ALÈS Il vole le chéquier de sa mamie pour « aller faire la bringue »
Au tribunal, les audiences sont très souvent le réceptacle des maux de notre société. Mais il y a parfois de belles respirations comme vendredi dernier quand Thibaut est arrivé au bras de sa grand-mère.
Ils ont attendu leur tour pendant plus de trois heures, côte à côte sur un banc du tribunal. Cinquante-huit ans séparent Thibaut et Georgette qui sont respectivement l’accusé et la victime d’une même affaire examinée vendredi dernier par le tribunal correctionnel d’Alès. Les faits datent de 2014. « C’était ma période noire », annonce d’emblée Thibaut, 26 ans, qui s’est approché de la barre d’où il doit répondre "d’escroquerie en récidive".

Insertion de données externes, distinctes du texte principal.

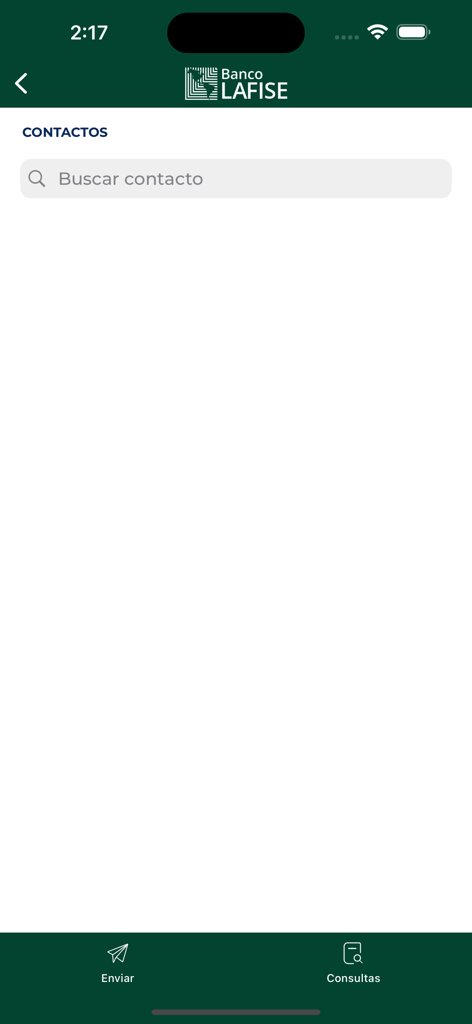 SINPE MOVIL LAFISE - SINPE MOVIL LAFISE app contacts search screen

En septembre 2014, il a volé le carnet de chèques de sa grand-mère pour, dit-il, « aller faire la bringue au O’Corcoran », un bar situé près de la gare d’Alès qui a fermé ses portes il y a quelques années. Il a dépensé pour 184€ de boissons. Une erreur de jeunesse. « C’était une période difficile, j’étais jeune. Mais j’ai changé : je suis chef d’entreprise et j’ai eu une petite fille que j’élève seul ». L’ancien escroc est devenu un honnête travailleur qui a monté sa boîte et il en fier. Mais la plus fière, c’est Georgette, sa mamie de 84 ans : « Je lui pardonne ce qu’il a fait. Aujourd’hui c’est un ange ».
Une bonté bien plus contagieuse que la covid puisque celle-ci transperce aussi les cœurs. Le procureur, Cyrille Abbé, a semble-t-il été touché dans le mille : « Je dois avouer que je regrette les poursuites. J’ai fait preuve d’un peu de zèle à la sortie de l’école. Cette procédure aurait pu être mieux orientée. Je requiers une dispense de peine ». Un mea-culpa d’une grande - et rare - élégance dans une profession où l’on montre davantage les muscles que ses faiblesses. Et comme la juge, Amandine Abegg, a parfaitement saisi l’esprit de l’audience, elle confirme les réquisitions du procureur. Thibaut est reparti soulagé, tout heureux de partager son bonheur avec sa grand-mère.